Ist die schwarz-gelbe Mehrheit in der Länderkammer denn nun erkauft worden von der Bundesregierung? Natürlich nicht, rufen Bund und Länder unisono. Sogar jener Ministerpräsident Carstensen, der beim Blick auf dieses Gesetz und dessen Folgen für sein Schleswig-Holstein einmal gebrüllt hat, "Ihr habt sie ja nicht alle", hebt jetzt im Bundesrat brav zustimmend die Hand. Ein gekauftes Ja?
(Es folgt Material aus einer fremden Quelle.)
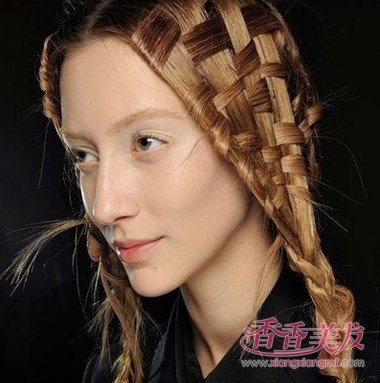 ���ַ��͵ı��� �򵥺ÿ��ı෢����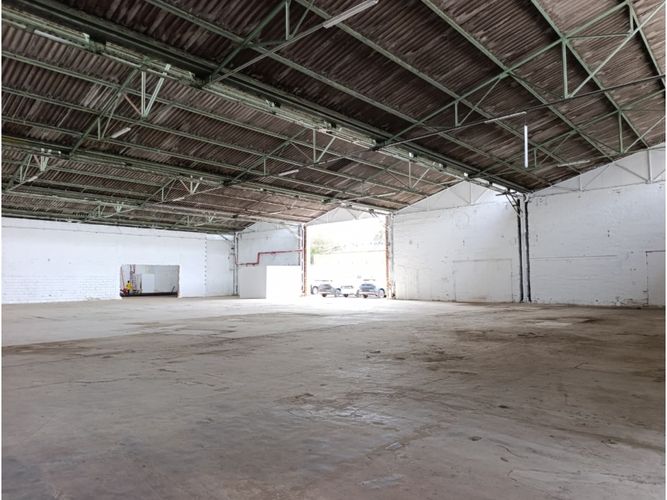 Bodega en arriendo en Las Vegas, Envigado, 2400 m² · foto 5 de 7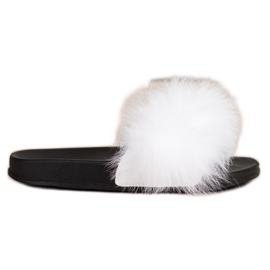 Bona Fashionable flip-flops with fur white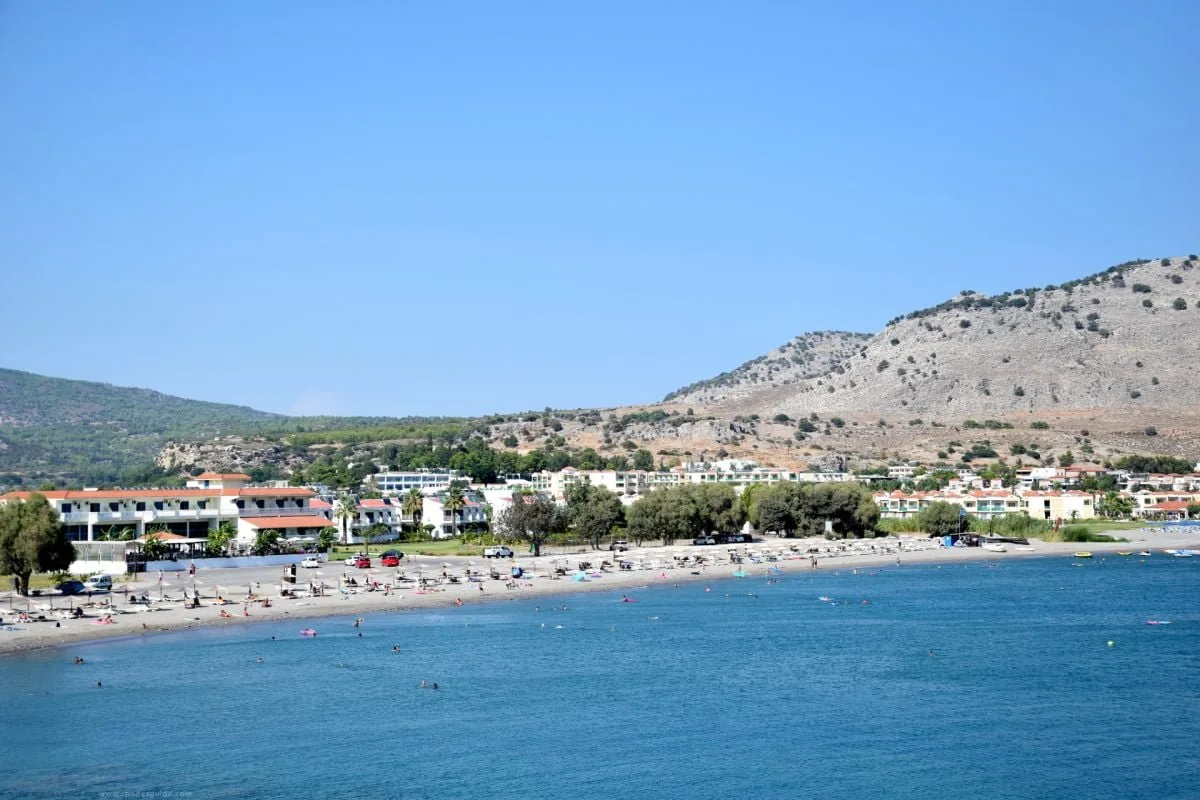 Lardos watersports scene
Natürlich nicht, redet er ebenso tapfer nach, wie es ihm Bundesfinanzminister Schäuble vorgesagt hat.

Schweigende CDU-Mehrheit hält nichts von dem Gesetz

So darf uns die neue bundespolitische Traumkonstellation ein Gesetz zumuten, von dem zumindest eine schweigende CDU-Mehrheit rundum nichts hält. Bundesweit ist unter den Wirtschafts- und Steuerexperten aller Institute keiner zu finden, der irgendwelche wirtschaftlichen Wachstumskräfte darin entdecken kann, dass Steuererleichterungen im Wert von 8,5 Milliarden Euro auf diesem Wege verstreut werden.
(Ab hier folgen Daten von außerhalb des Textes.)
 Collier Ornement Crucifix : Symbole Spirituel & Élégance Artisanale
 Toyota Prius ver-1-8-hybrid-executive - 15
Mit höherem Kindergeld und aufgepäppelten Kinderfreibeträgen sollen Eltern offenbar in einen Kaufrausch versetzt werden, der globale Rezession und Finanzkrise locker überwindet. Falls das nicht funktioniert, wird die schwarz-gelbe Wirtschaftspolitik vermutlich chinesische Finanzhaie dafür verantwortlich machen. Und wer nicht einsehen mag, wieso den deutschen Hoteliers eben mal schnell eine Milliarde Euro über die ermäßigte Mehrwertsteuer geschenkt wird, der hat immer noch nicht begriffen, dass diese Unternehmergruppe das Steuergeschenk unbedingt benötigt, um endlich über den Status von Hartz-IV-Empfängern hinaus zu kommen. Die Rendite können sie daher unmöglich in niedrigere Übernachtungspreise stecken.
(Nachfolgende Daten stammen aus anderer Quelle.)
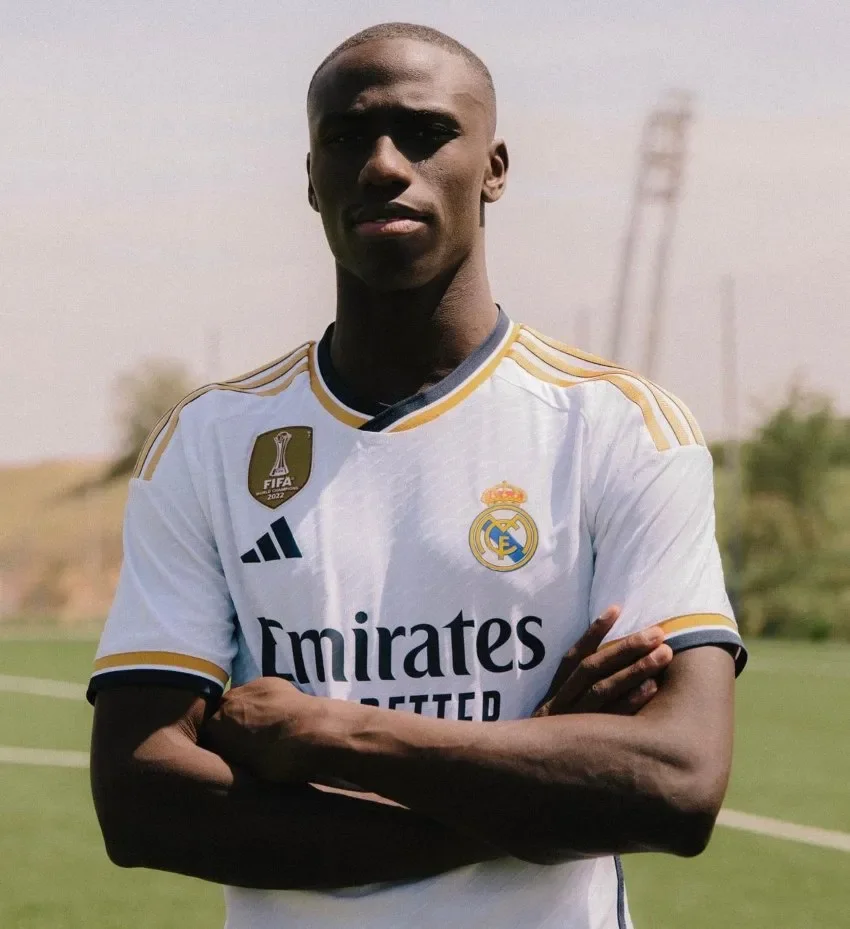 Mendy con la nueva playera del Madrid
Mit Taschenspielertricks als Reformtat verkauft

Doch was als grandioser schwarz-gelber Sieg wirtschaftlicher Wachstumsförderung verkauft wird, ist ein gekaufter Sieg. Gezahlt werden dafür muss von den Bürgern nicht schon ab Anfang des neuen Jahres. Aber unterm Strich einer korrekten Abrechnung dieses Wahlgeschenks von CSU und FDP steht eine zusätzliche Staatsverschuldung. Was jetzt als Steuerentlastung feilgeboten wird, dürfte spätestens ab Mitte nächsten Jahres (dann ist die Landtagswahl in NRW vorbei) in Form höherer Steuern und Gebühren wieder eingesammelt werden. Auf dem Weg zur Staatsentschuldung, wie sie neuerdings in der Verfassung steht, führt kein Weg daran vorbei. Denn bezahlt werden müssen dann auch noch die Länder, die jetzt doch zugestimmt haben. Weil die Kanzlerin ihnen etliche Milliarden mehr für die Finanzierung des Bildungssystems zugesagt hat. Weil sie ihnen konkrete Hoffnungen auf einen höheren Anteil am Umsatzsteueraufkommen gemacht hat. Und darüber hinaus gibt es noch einige weitere Versprechungen an die Länder, die weitere Millionen kosten werden.

Betrachtet man den schwarz-gelben Sieg im Bundesrat mit klarem Blick auf die damit verbundenen Realitäten und redet die gesetzgeberische Mauschelei nicht zum staatstragenden Akt schön, dann gibt es nur ein Urteil: Hier wurde ein Stimmenkauf vor der Bundestagswahl mit Taschenspielertricks als politische Reformtat verkauft.